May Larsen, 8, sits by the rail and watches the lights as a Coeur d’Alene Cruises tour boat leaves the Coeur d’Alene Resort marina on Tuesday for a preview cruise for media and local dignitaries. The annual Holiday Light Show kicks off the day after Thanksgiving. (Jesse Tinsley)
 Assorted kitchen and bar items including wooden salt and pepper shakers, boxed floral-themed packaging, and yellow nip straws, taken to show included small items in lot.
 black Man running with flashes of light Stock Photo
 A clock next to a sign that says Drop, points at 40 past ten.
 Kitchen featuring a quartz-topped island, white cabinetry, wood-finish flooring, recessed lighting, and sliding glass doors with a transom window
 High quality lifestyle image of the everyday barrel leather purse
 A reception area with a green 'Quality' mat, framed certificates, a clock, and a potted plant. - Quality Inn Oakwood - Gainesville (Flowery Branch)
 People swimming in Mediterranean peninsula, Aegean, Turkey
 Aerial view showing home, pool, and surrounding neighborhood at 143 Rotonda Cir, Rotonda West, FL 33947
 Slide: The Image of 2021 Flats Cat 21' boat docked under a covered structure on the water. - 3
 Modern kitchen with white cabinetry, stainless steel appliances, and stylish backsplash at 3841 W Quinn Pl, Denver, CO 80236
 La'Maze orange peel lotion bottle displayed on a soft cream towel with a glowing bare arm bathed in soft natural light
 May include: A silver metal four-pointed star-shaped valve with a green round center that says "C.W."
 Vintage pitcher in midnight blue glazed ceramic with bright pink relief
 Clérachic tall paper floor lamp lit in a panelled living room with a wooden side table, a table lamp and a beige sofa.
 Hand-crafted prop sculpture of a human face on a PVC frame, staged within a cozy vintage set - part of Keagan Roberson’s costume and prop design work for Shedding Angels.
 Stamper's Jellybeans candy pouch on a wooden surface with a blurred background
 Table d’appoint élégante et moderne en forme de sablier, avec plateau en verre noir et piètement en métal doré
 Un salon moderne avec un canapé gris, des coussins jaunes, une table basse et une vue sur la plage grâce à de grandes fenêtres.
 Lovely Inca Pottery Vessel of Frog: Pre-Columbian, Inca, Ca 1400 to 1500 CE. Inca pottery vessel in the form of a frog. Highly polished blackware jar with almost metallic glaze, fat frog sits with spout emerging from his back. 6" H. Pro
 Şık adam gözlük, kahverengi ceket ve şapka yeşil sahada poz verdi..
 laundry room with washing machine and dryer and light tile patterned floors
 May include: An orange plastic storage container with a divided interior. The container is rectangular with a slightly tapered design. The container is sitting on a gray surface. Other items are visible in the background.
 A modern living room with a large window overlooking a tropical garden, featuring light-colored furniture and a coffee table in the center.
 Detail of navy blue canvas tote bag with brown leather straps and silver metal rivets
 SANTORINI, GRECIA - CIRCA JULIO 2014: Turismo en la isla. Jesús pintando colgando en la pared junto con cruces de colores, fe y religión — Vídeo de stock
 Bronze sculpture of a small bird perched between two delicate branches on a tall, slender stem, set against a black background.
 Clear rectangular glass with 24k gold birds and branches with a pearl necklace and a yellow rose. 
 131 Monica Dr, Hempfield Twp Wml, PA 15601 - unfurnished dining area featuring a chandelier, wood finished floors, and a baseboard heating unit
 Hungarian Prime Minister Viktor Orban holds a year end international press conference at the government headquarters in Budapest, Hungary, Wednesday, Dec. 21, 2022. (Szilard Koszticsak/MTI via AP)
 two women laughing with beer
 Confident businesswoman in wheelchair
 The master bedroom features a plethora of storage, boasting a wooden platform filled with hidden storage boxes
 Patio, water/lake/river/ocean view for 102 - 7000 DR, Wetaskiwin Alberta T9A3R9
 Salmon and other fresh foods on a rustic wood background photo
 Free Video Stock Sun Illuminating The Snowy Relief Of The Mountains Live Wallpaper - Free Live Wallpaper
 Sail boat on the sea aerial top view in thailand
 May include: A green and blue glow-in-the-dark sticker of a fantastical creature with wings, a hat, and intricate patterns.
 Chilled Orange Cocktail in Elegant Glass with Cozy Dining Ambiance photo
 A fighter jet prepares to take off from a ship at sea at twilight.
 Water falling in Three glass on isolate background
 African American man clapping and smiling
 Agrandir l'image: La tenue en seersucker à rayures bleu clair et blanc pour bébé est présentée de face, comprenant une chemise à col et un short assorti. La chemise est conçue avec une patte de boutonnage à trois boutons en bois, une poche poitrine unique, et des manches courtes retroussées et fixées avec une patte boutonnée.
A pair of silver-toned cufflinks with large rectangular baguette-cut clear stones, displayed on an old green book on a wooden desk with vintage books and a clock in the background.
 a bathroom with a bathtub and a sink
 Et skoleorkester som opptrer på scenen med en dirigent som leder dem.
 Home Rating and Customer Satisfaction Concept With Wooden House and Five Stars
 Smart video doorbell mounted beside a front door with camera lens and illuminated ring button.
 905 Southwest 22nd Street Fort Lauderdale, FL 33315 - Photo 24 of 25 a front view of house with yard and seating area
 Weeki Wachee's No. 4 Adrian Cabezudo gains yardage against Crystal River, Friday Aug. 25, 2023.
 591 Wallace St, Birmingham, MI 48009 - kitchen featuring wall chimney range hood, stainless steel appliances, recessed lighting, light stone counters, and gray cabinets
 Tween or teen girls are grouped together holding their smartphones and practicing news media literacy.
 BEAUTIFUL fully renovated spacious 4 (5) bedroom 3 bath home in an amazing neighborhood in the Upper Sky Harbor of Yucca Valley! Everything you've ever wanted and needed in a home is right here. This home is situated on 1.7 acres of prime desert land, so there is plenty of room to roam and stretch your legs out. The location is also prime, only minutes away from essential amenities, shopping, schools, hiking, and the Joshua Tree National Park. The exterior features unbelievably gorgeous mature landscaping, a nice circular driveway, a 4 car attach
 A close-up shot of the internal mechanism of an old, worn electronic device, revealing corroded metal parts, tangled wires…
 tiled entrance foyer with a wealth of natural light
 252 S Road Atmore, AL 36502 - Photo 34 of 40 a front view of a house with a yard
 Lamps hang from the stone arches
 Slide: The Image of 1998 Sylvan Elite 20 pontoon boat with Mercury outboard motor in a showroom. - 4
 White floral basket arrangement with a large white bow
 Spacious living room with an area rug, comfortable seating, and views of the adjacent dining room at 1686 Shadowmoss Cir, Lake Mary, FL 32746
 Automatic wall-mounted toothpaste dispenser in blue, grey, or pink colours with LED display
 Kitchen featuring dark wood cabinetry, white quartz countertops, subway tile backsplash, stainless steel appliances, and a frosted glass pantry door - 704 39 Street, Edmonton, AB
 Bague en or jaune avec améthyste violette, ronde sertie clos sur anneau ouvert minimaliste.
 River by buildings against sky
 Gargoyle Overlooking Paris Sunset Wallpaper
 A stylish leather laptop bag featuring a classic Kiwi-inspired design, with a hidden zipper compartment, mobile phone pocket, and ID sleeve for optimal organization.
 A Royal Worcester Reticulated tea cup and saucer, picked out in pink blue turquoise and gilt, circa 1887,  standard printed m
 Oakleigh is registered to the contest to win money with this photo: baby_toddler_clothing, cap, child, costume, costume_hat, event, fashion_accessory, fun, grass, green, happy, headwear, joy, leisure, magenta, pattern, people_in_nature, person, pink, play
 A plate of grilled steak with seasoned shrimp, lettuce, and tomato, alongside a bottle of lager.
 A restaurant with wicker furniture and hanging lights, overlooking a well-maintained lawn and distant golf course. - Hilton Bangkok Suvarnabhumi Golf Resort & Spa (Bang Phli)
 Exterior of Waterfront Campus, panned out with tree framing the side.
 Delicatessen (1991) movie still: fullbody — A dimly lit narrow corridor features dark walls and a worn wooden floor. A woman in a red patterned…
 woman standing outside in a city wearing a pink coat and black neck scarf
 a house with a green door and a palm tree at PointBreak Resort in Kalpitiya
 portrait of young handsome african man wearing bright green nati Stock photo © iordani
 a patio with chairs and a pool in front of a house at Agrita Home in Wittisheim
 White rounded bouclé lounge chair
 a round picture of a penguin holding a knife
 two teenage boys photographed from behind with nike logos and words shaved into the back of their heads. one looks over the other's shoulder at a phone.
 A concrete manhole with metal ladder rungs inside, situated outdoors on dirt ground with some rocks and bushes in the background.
-=-=-
All that should appear in the response is the run of lines from the first line of the entries through the line containing "Aerial view showing", copied exactly.

May Larsen, 8, sits by the rail and watches the lights as a Coeur d’Alene Cruises tour boat leaves the Coeur d’Alene Resort marina on Tuesday for a preview cruise for media and local dignitaries. The annual Holiday Light Show kicks off the day after Thanksgiving. (Jesse Tinsley)
 Assorted kitchen and bar items including wooden salt and pepper shakers, boxed floral-themed packaging, and yellow nip straws, taken to show included small items in lot.
 black Man running with flashes of light Stock Photo
 A clock next to a sign that says Drop, points at 40 past ten.
 Kitchen featuring a quartz-topped island, white cabinetry, wood-finish flooring, recessed lighting, and sliding glass doors with a transom window
 High quality lifestyle image of the everyday barrel leather purse
 A reception area with a green 'Quality' mat, framed certificates, a clock, and a potted plant. - Quality Inn Oakwood - Gainesville (Flowery Branch)
 People swimming in Mediterranean peninsula, Aegean, Turkey
 Aerial view showing home, pool, and surrounding neighborhood at 143 Rotonda Cir, Rotonda West, FL 33947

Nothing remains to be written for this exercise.